Al Consiglio di sicurezza dell'Onu l'ambasciatrice degli Stati Uniti Samantha Power ha provato a spiegare il raid parlando di un errore di obiettivo in un'azione che in realtà avrebbe voluto colpire l'Isis. Ma né Damasco né - tanto meno - Mosca, l'hanno presa benissimo e hanno puntato il dito contro le ambiguità di Washington; non solo nella lotta ai gruppi qaedisti (che era poi intorno al quale era stato costruito il cessate il fuoco) ma anche nell'atteggiamento nei confronti dello stesso Stato Islamico.

E allora la domanda diventa: che cosa è successo davvero sabato a Deir Ezzor? Ieri da Aleppo - come suo solito - il vicario apostolico per i latini, padre Georges Abou Khazen, si è espresso in maniera molto chiara: «Qui nessuno crede che si sia trattato di un errore», ha dichiarato. Ed è difficile dargli torto: quella di Deir Ezzor è una situazione del tutto particolare, dove non c'era un fronte in movimento. E comunque la stessa ipotesi dell'errore non spiegherebbe nulla; perché la domanda comunque diventerebbe: da chi è arrivata la segnalazione delle coordinate sbagliate di quell'obiettivo?
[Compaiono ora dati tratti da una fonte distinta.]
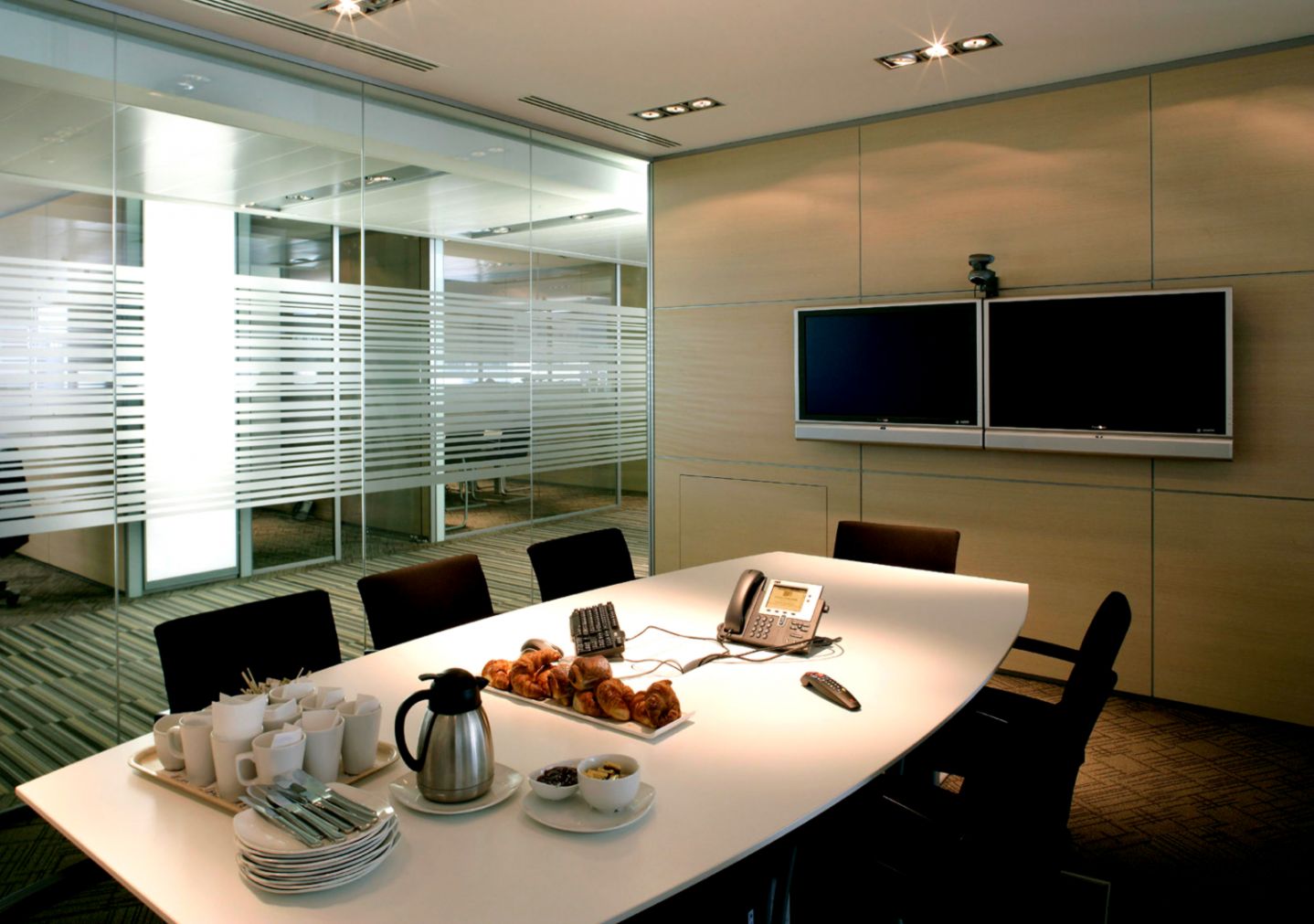 Office Workspace Best Conference Room With Black Workbench And Office Workspace Best Conference Room With Black Workbench And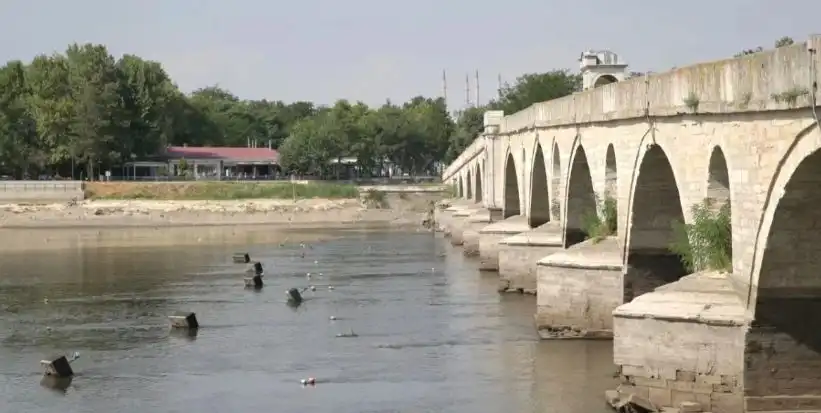Водата в Одрин се отдръпна и разкри смайваща гледка Снимки
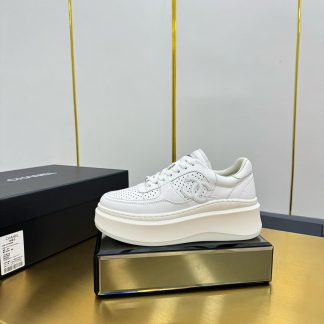 Chanel pure white casual versatile sneakers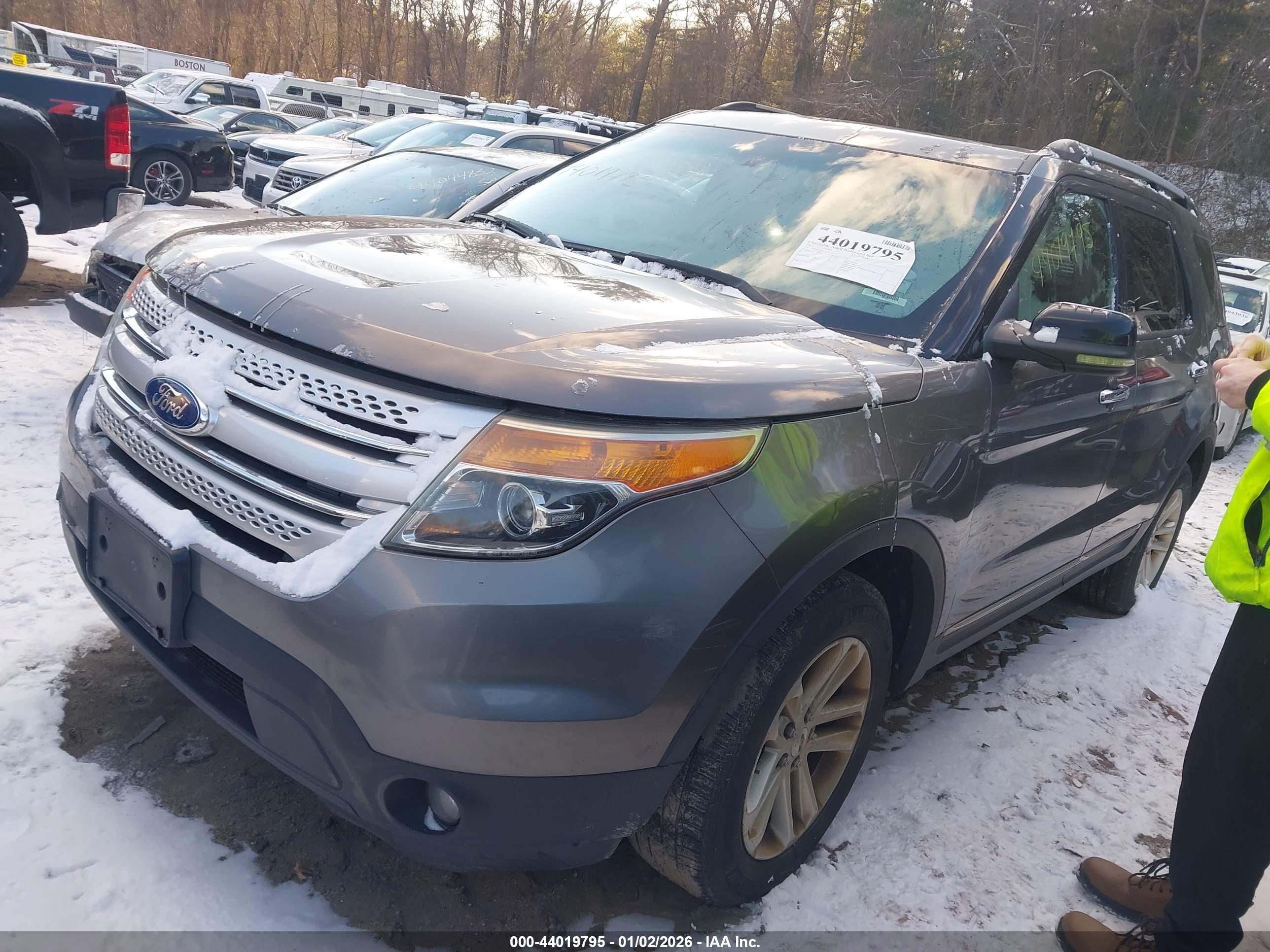 FORD EXPLORER image 2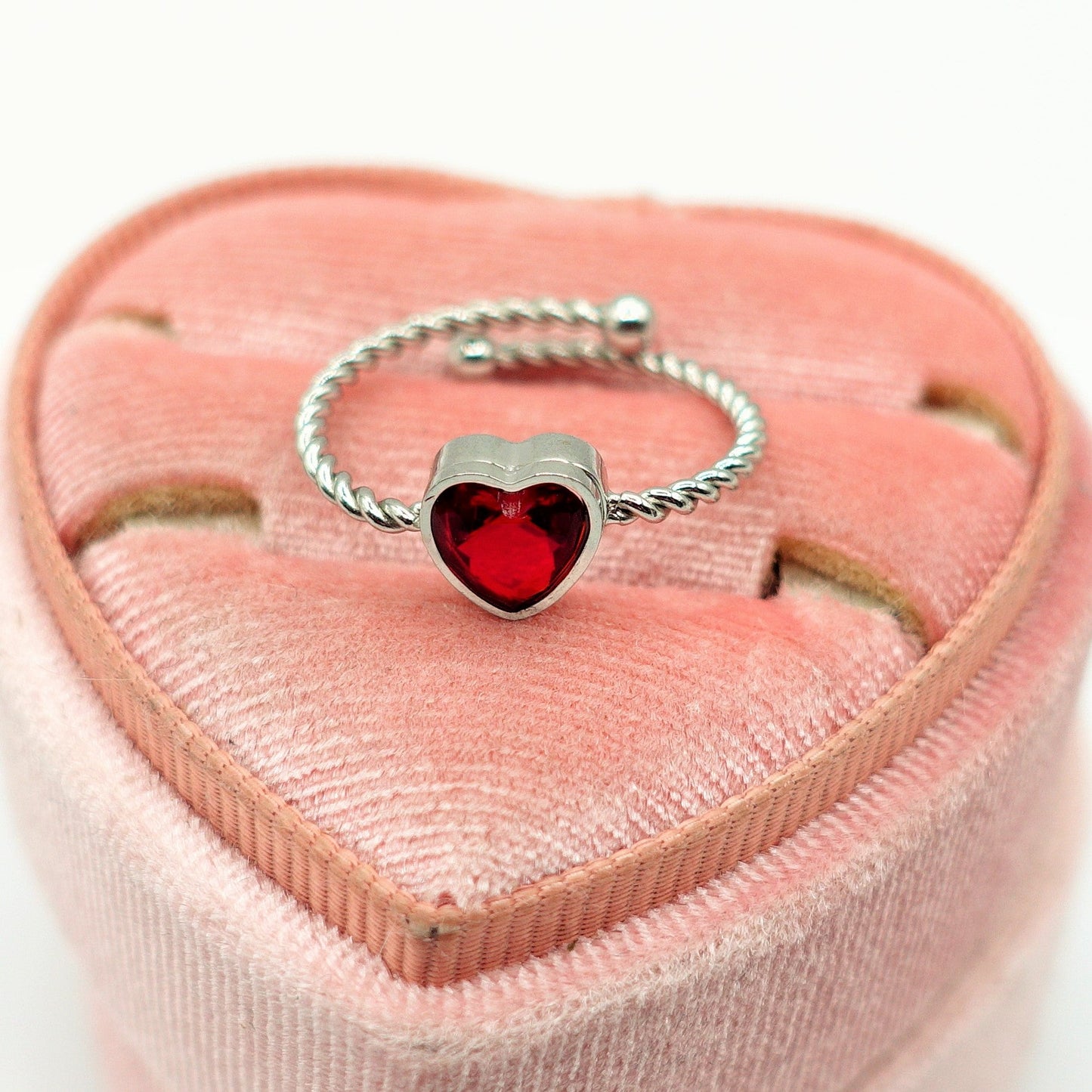 AURORA -ACCIAIO INOSSIDABILE~Anello con zirconi cubici a forma di cuore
Il problema vero - ancora una volta – sta nell'estrema debolezza politica su cui si fondava il cessate il fuoco. Perché dietro alle armi fatte tacere ad Aleppo non c'era affatto un'idea condivisa sulla soluzione del conflitto. E - fatto ancora più grave - non c'è nemmeno a Washington; non è un mistero, ad esempio, che il ministero della Difesa (più sensibile alle sirene saudite) abbia mal digerito l'accordo che era stato raggiunto da Kerry con Lavrov. E in questa stessa settimana in cui si cercava di far tacere le armi mandava in scena lo spettacolo non proprio edificante delle proprie forze speciali impegnate a entrare in Siria a fianco con gli uomini del Free Syrian Army in un nuovo improvviso ritorno di fiamma con Ankara. Salvo poi essere buttate fuori da un gruppo di miliziani non esattamente moderati che non si fidano di loro; ma indomiti subito riprovarci con un altro gruppo da un altro valico turco. Il tutto mentre - poco più a est, nei territori controllati dai curdi -, spuntavano bandiere stelle e strisce, per evitare che altre forze speciali Usa finissero bombardate dai turchi che ormai coi curdi ovunque non vanno troppo per il sottile. In una confusione del genere è così impensabile che qualcuno nella difesa americana abbia pensato a un colpo di mano in grado di spazzare via la linea trattativista del segretario di Stato Kerry oltre che i rinforzi siriani appena arrivati a Deir Ezzor?

Perché il punto vero oggi non è solo il braccio di ferro su Aleppo, ma anche la spartizione della zona dove tuttora è presente l'Isis in Siria. Mentre si continuava infatti a discutere sui convogli da far passare oppure no, il Free Syrian Army sponsorizzato da Ankara continuava ad avanzare indisturbata nell'area a nord di Aleppo dove fino a ieri c'era l'Isis. E - fiutando il clima - ieri il presidente turco Erdogan ha gettato la maschera dicendo senza reticenze che la sua intenzione è quella di allargare l'attuale «zona di sicurezza» creata in Siria, portandola dagli attuali 900 chilometri quadrati a 5000. «Arriveremo fino ad al-Bab», ha detto. Che significa - poi - a una manciata di chilometri dalla stessa Aleppo. E con la possibilità poi da lì di marciare anche verso Raqqa, come Obama avrebbe ventilato allo stesso Erdogan durante il recente incontro tenutosi al G20. 

Che ne pensa Mosca di tutto questo? È già finita l'intesa con l'uomo forte di Ankara? Oppure - al di là dei discorsi di Bashar al Assad - la Russia è disposta ad accettare questa spartizione mascherata da «zona di sicurezza»? L'unica cosa chiara è che da stanotte in Siria si è ripreso a combattere e morire. Ancora una volta per giochi e ambizioni che con la vita concreta di chi resta sotto le macerie hanno ben poco a che fare.